The community member is using a multilingual BERT model to extract text from a Czech language Word document, but is having trouble finding specific blood test results like "V_KP = 10, U_RTOP = 15" that are hidden among other parameters. The community member notes that the English BGE model is able to find these specific values, but the multilingual BERT model struggles with them.
In the comments, another community member suggests that the issue may be due to the multilingual BERT model not being trained on medical data, so it doesn't understand the specific terminology. They also note that the BGE model is not multilingual, which explains why it performs better on the English-specific task.
The community member asks if providing more detailed prompts to the model could help, but the other community member indicates that training the language model on the specific domain would likely be required to improve its performance on these types of tasks.
Hello. I really dont understand this and would be greatful for any help. Thank you.
Using the following code:
Settings.embed_model = HuggingFaceEmbedding(model_name="google-bert/bert-base-multilingual-cased") data = SimpleDirectoryReader(input_dir="./zprava2/", recursive=True).load_data(show_progress=True) index = VectorStoreIndex.from_documents(data,show_progress=True)
I digest Word document with less then 10 pages. It is in czech language.
Using model_name="google-bert/bert-base-multilingual-cased" I correctly get many text values, for example list of diagnoses. It returns fine in 95%+. But there is also a block of blood test results like V_KP = 10, U_RTOP = 15,.... hidden among many other parameters. This embedding NEVER finds any value.
On the contrary, using english model_name="BAAI/bge-base-en-v1.5" Text is found less probably, in some cases NEVER But V_KP = 10, U_RTOP = 15, hidden in many other parameters, are now ALWAYS found. Like in 100%.
I tried chunk size to no effect. What is causing this? How to make that czech model find these parameters? Why is not finding that text if word search do?

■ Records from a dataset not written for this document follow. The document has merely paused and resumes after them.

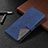 Leather Case Stands Flip Cover Holder B12F for Samsung Galaxy S22 5G Blue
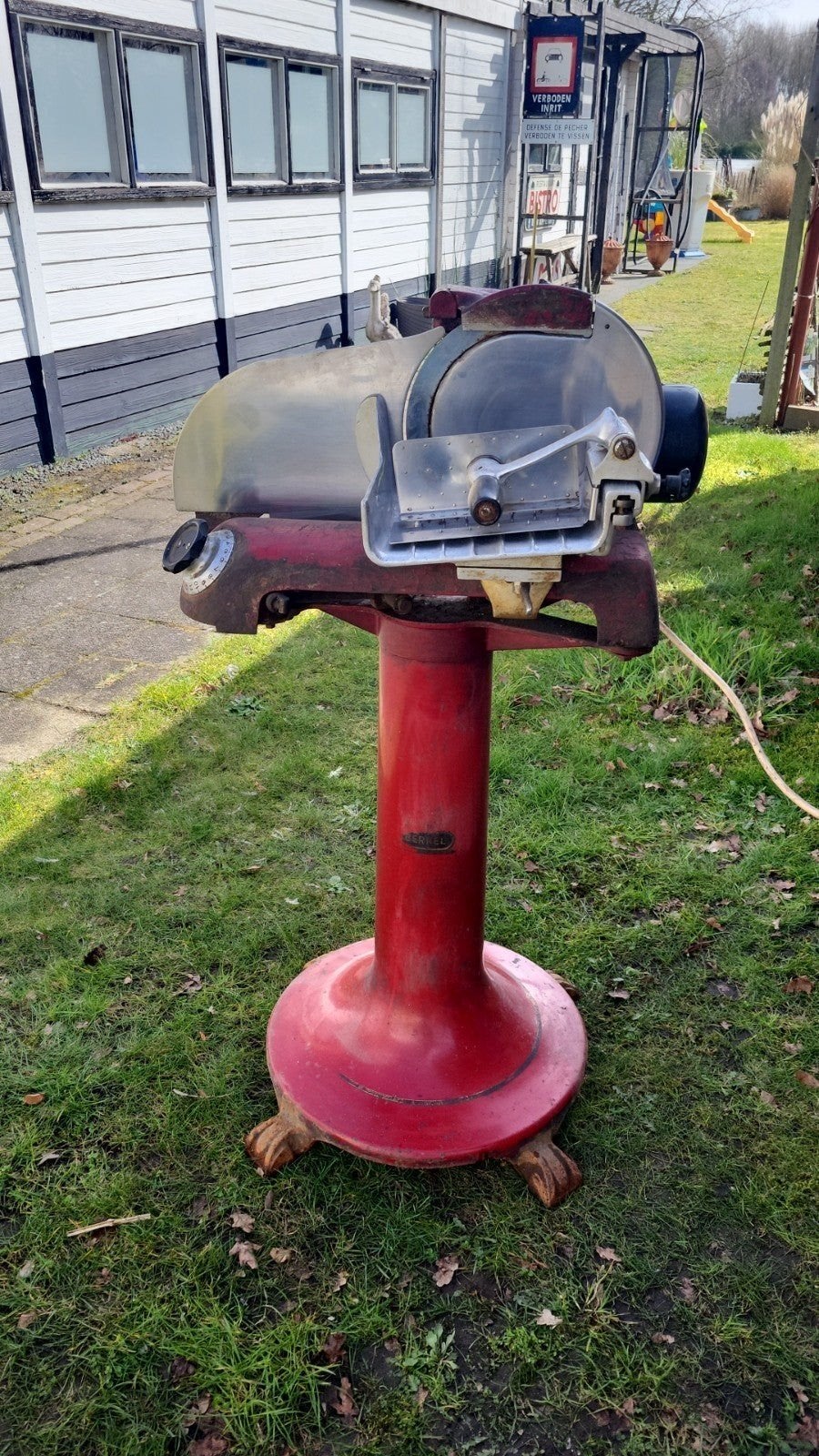 Oude Berkel snijmachine met speciale voet - Werkt goed!, Ophalen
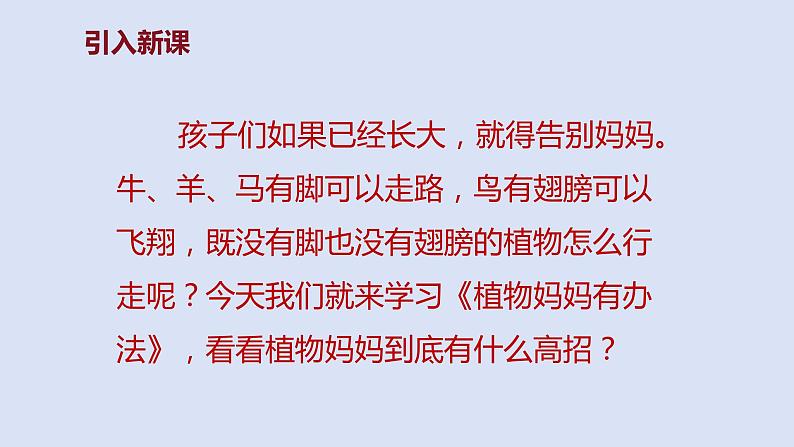 部编版二年级语文上册课件 第一单元 课文3《植物妈妈有办法》02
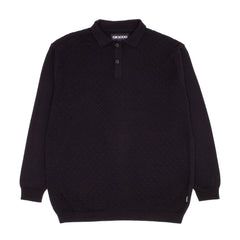 Polo Knit Long Sleeve [Black]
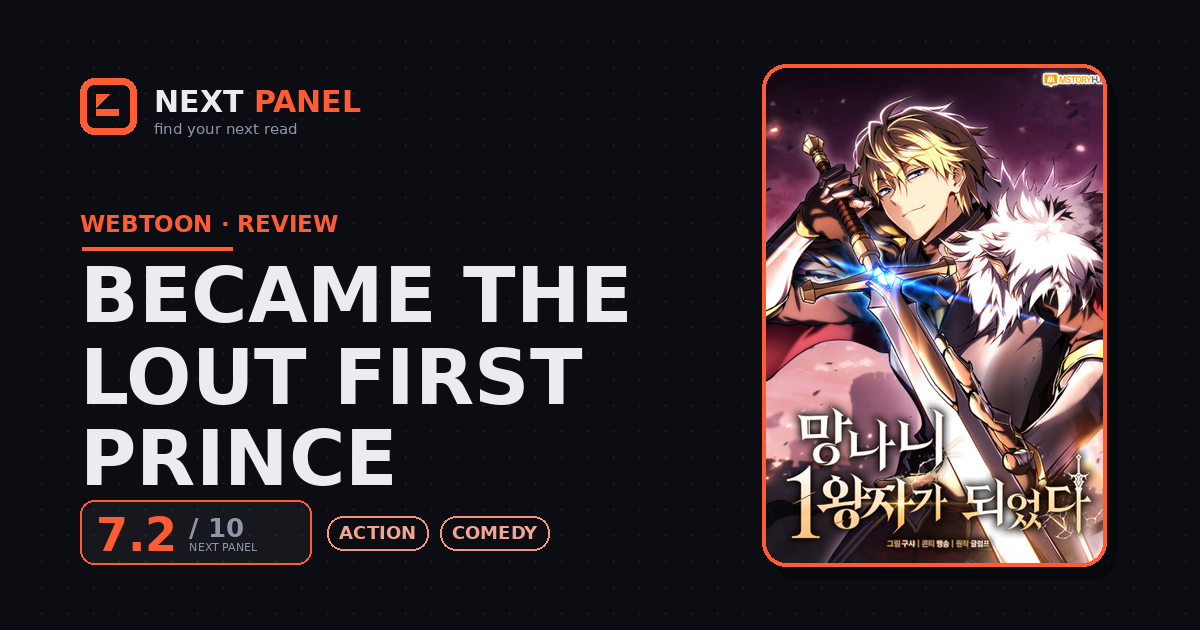 Became the Lout First Prince cover - Next Panel review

Embeddings do not work based purely on word lookup. They work by the model understanding the input text, and mapping it to some vector space.
In this case, my guess is your multilingual embedding model wasn't really trained on medical data, so looking up specific parameters won't work because it doesn't understand it.
For BGE, its not multilingual, so it makes sense its bad at most queries
Thank you so much for answer. Guess its not in my power to train llm. Maybe giving it detailed promt would make it better? Like this S_zk is blabla, U_KH is this. But still, asking it to find a text should not be such a big problem?